There’s stuff happening at Gertrude Hunt, there’s usually a crisis or three, the guests nearly break out into outright warfare on a regular basis, and the local police can’t keep their noses out of the outlandish or outright otherworldly things that happen in the inn’s proximity. Wayside Number 5 needed more of that spark.
The events at the Wayside Inn move slowly, almost as if the Wayside itself was being as careful as Pax is in his courtship of Josie – because the Wayside is courting Josie and Amos every bit as much in its own hospitable way. The big tensions get underplayed or carpet-swept; Pax’s powerful but distrusting and micromanaging assistant, Josie’s insecure and micromanaging boss, and especially Josie’s negging, grasping, overbearing and overreaching mother-in-law.
Someone needed to blow up somewhere about something, but instead all the issues fizzled out – even though Fairy Princess Naliti unintentionally blew up the planetarium.
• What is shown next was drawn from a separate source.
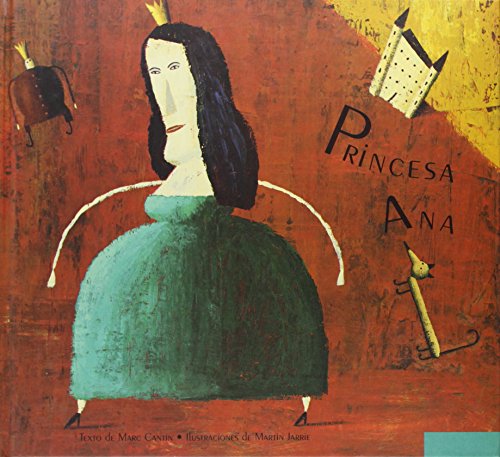 Stock image for Princesa Ana for sale by Better World Books: West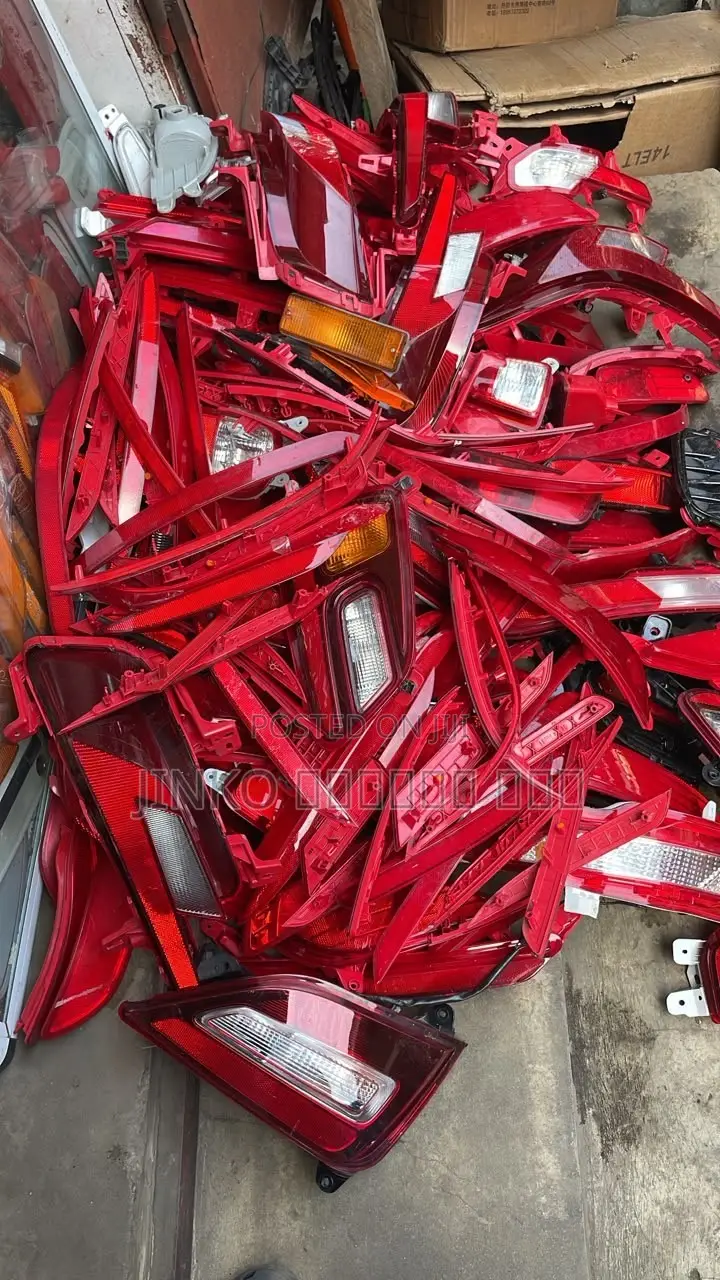 Toyota,Hyundai,Honda,Nissan,Benz,LEXUS,bumper Reflectors for All Cars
This was a really terrific premise and I had high hopes for it. It sounded like what you’d get if the Innkeeper Chronicles, If Wishes Were Retail, and Hotel Transylvania had a book baby. There was a LOT of potential between the various not-quite-human species and stereotypes – I adored the cheerleading squad of fairies and the gargoyles dressed as sporting mascots – but not even that accidental explosion gave the story as much of a life as it needed.
This story had a lot of potential, but the sizzle turned out to be more like a fizzle. Color me disappointed, even though the fairy cheer uniforms were in some truly eye-popping color combinations. Your reading mileage may vary.